■ **PROBLEM**
Below are some records. Return exactly their lines from the one containing "Mujer con cabello" through the one containing "Model carrying the", and drop the pictures.
[Opening AVAILABLE RECORDS section]
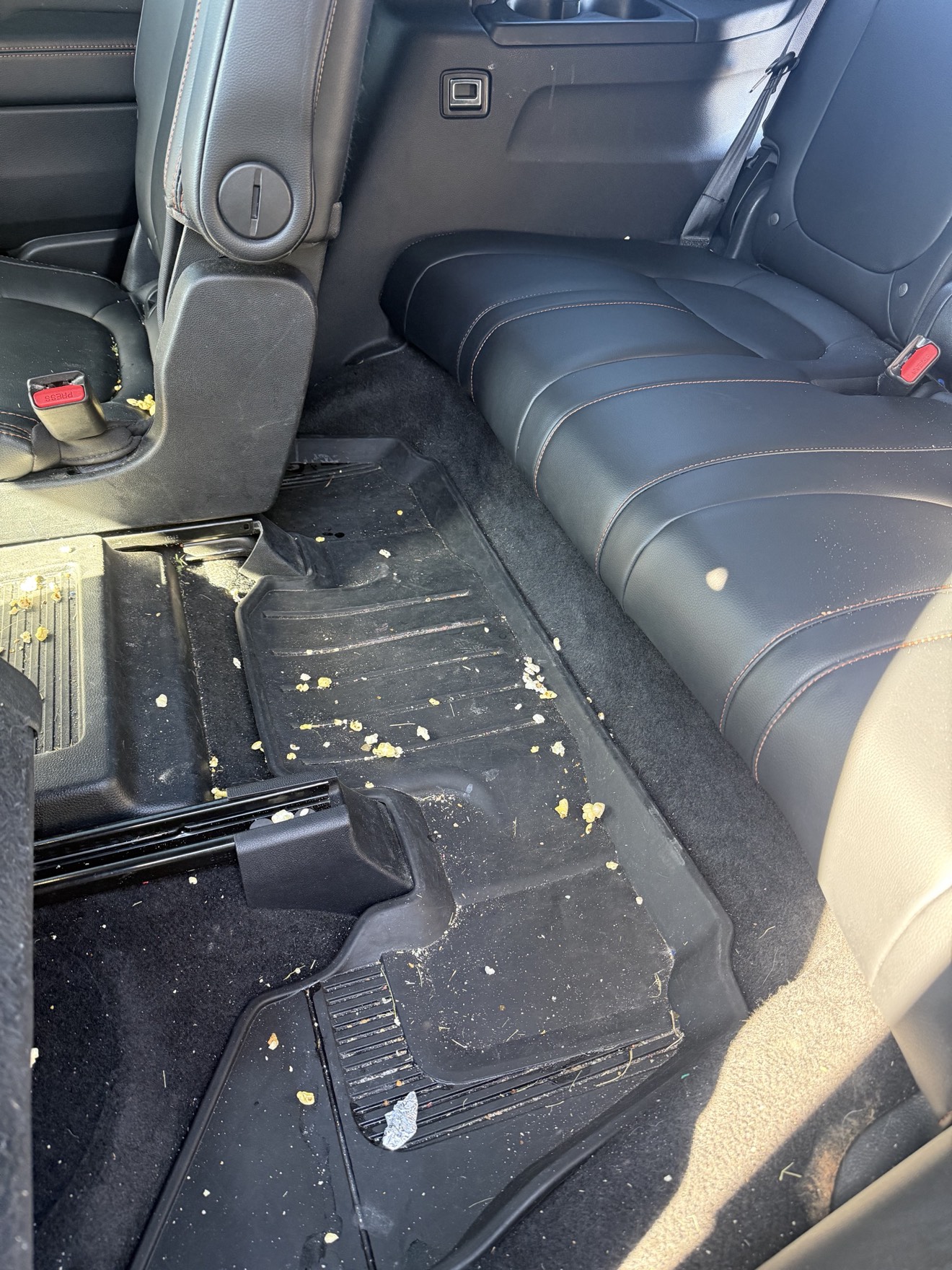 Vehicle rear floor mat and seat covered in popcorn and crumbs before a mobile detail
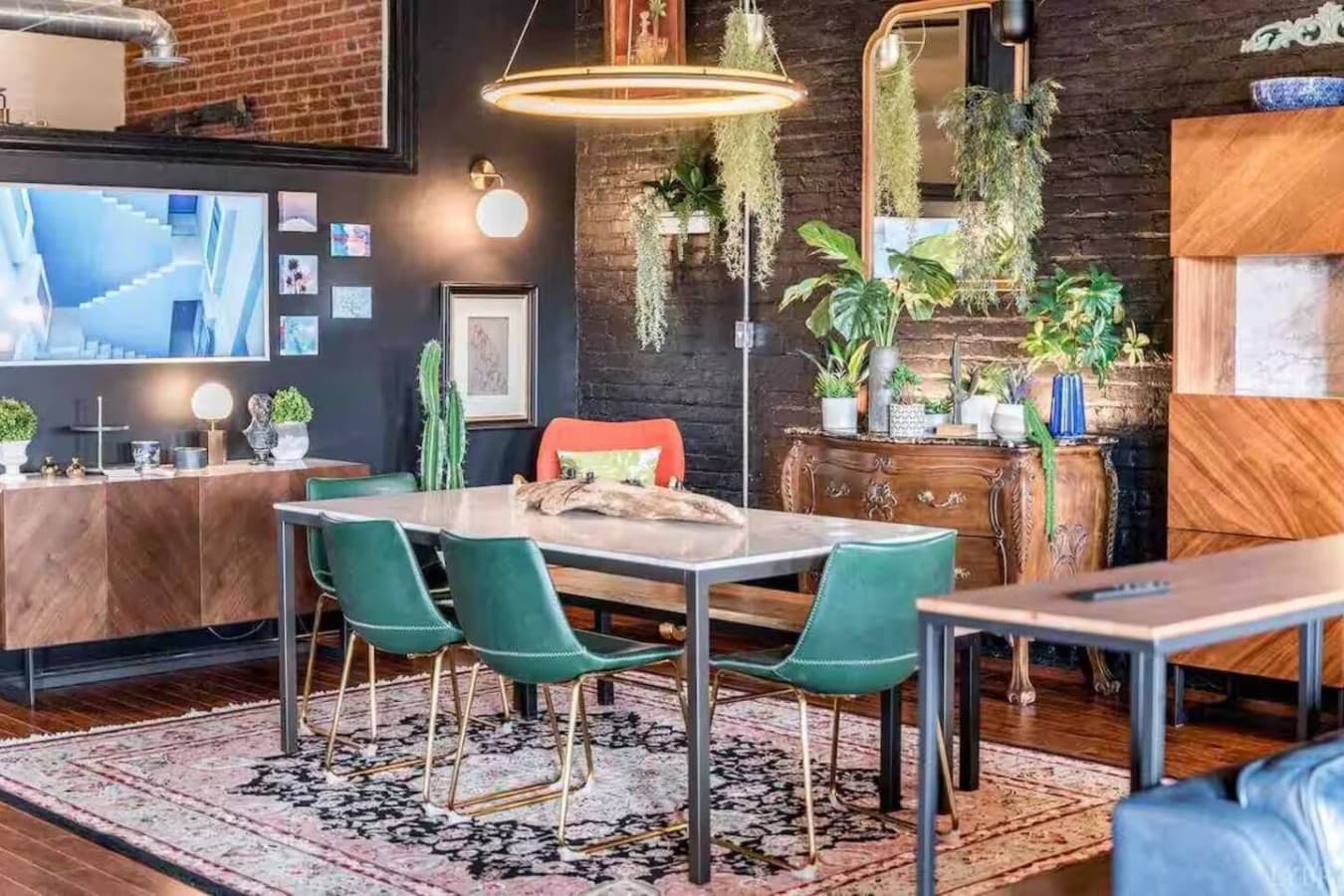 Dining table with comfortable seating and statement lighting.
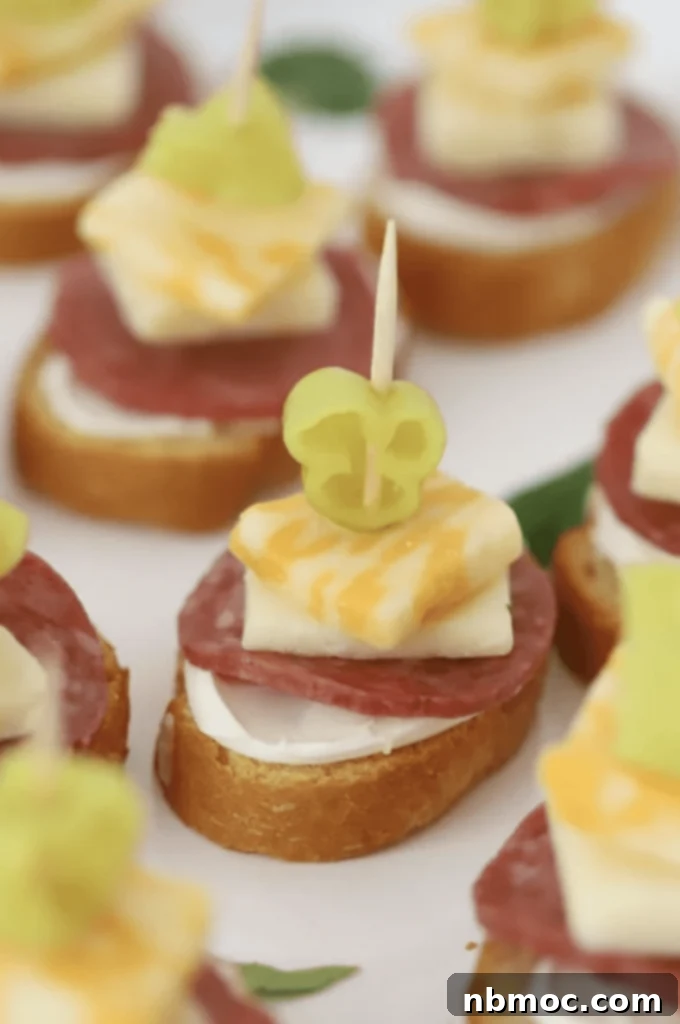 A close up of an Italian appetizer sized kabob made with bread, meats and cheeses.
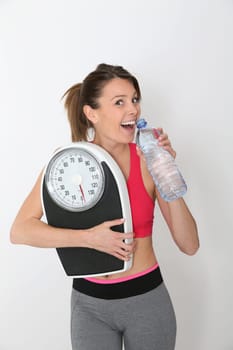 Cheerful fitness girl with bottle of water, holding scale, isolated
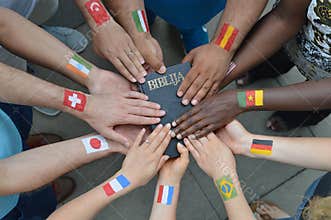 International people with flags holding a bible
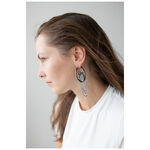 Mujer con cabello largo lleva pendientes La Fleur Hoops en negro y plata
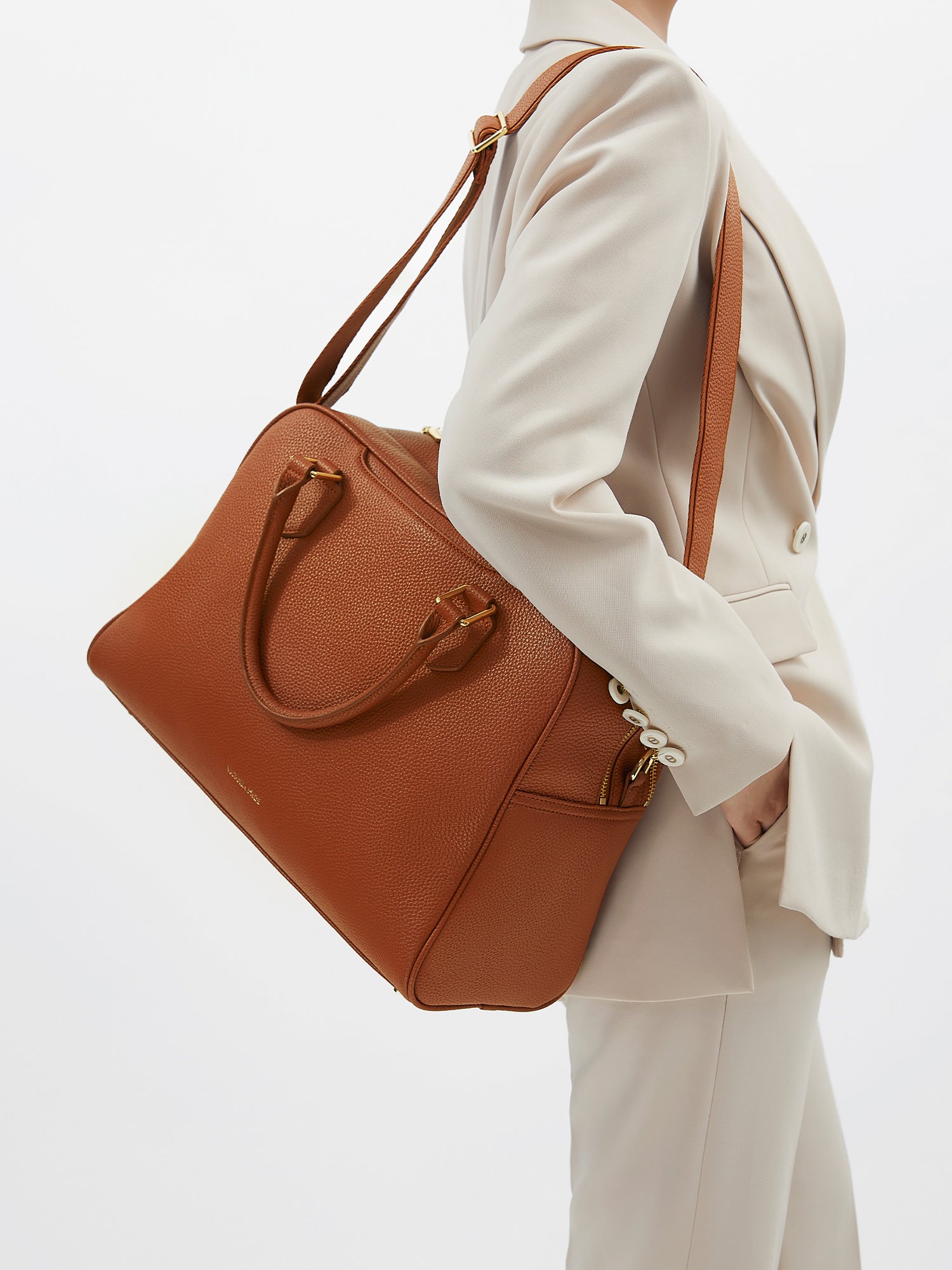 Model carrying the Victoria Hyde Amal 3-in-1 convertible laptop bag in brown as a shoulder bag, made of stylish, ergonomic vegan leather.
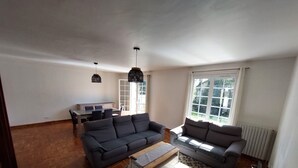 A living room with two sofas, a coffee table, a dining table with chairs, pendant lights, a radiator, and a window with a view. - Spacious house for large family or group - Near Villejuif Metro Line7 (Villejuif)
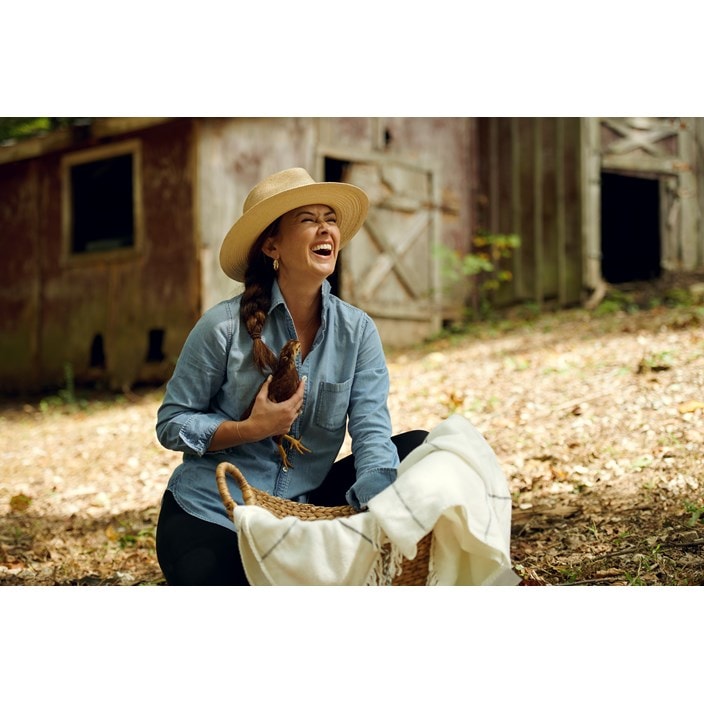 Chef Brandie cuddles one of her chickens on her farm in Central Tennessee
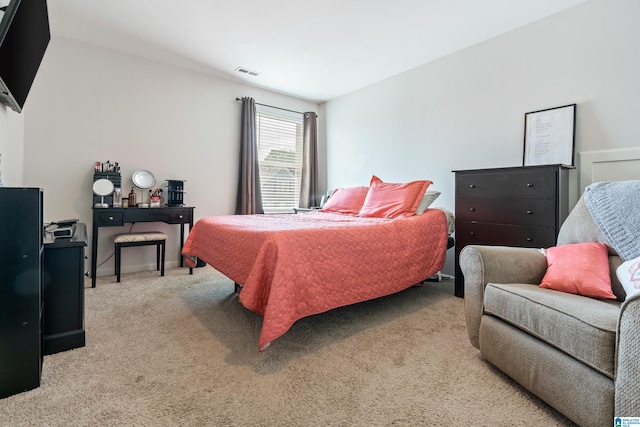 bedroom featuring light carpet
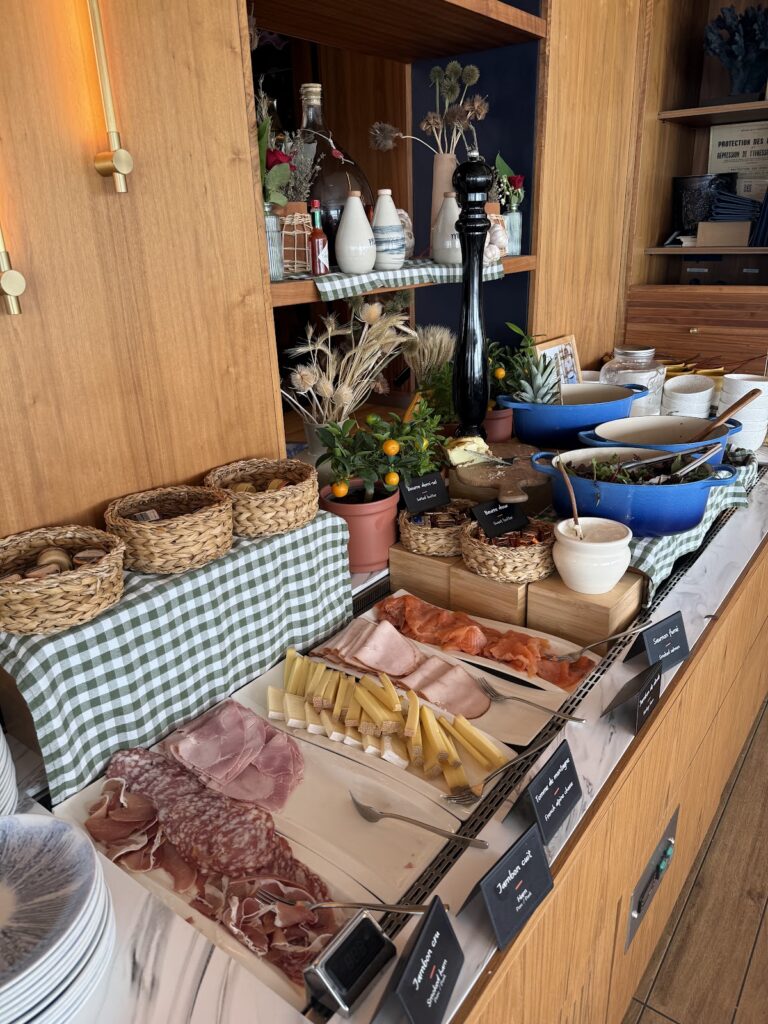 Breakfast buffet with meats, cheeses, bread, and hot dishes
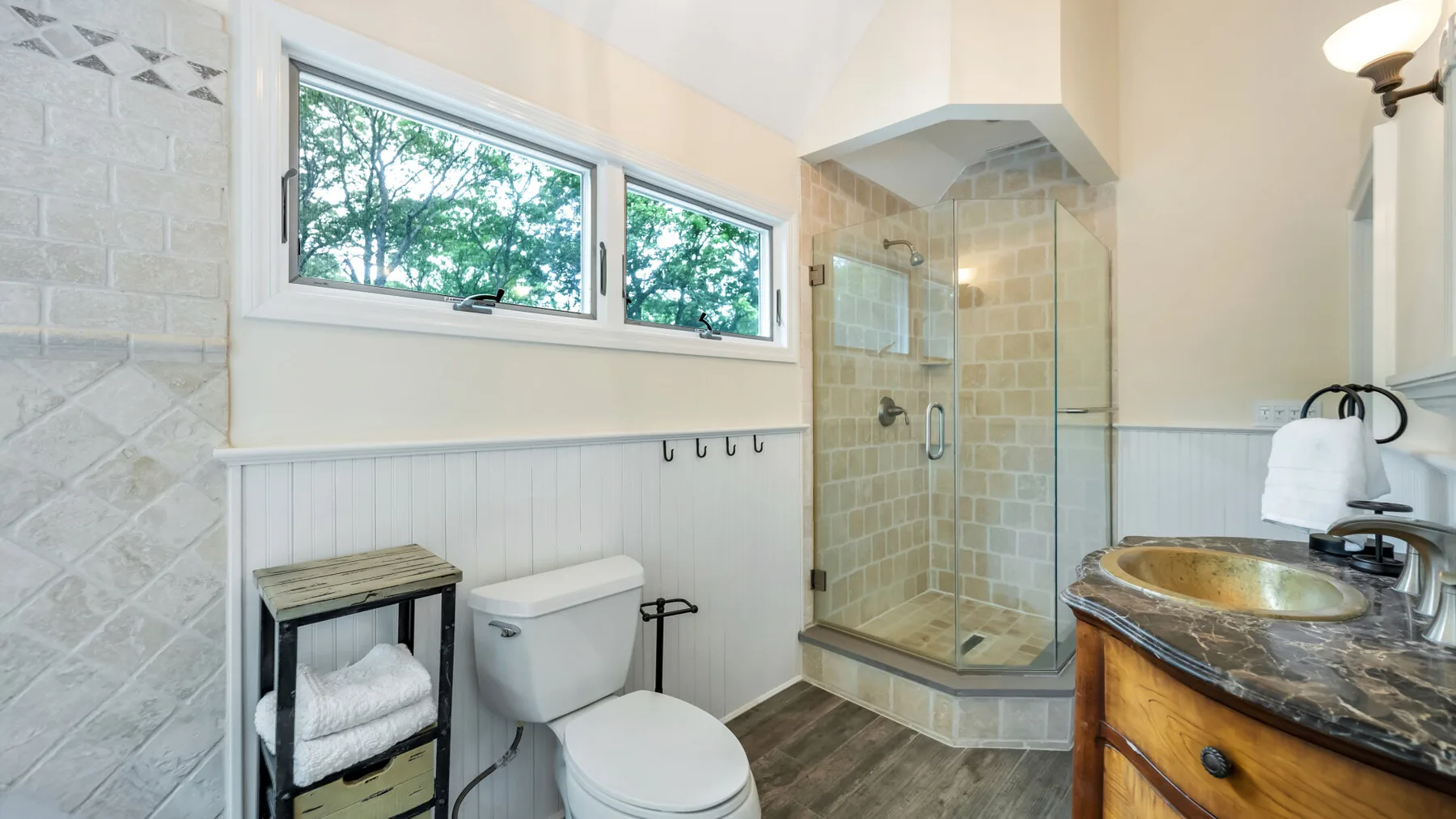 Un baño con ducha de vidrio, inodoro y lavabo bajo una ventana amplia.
[Closing AVAILABLE RECORDS section]
■ **TASK RESPONSE**
 Mujer con cabello largo lleva pendientes La Fleur Hoops en negro y plata
 Model carrying the Victoria Hyde Amal 3-in-1 convertible laptop bag in brown as a shoulder bag, made of stylish, ergonomic vegan leather.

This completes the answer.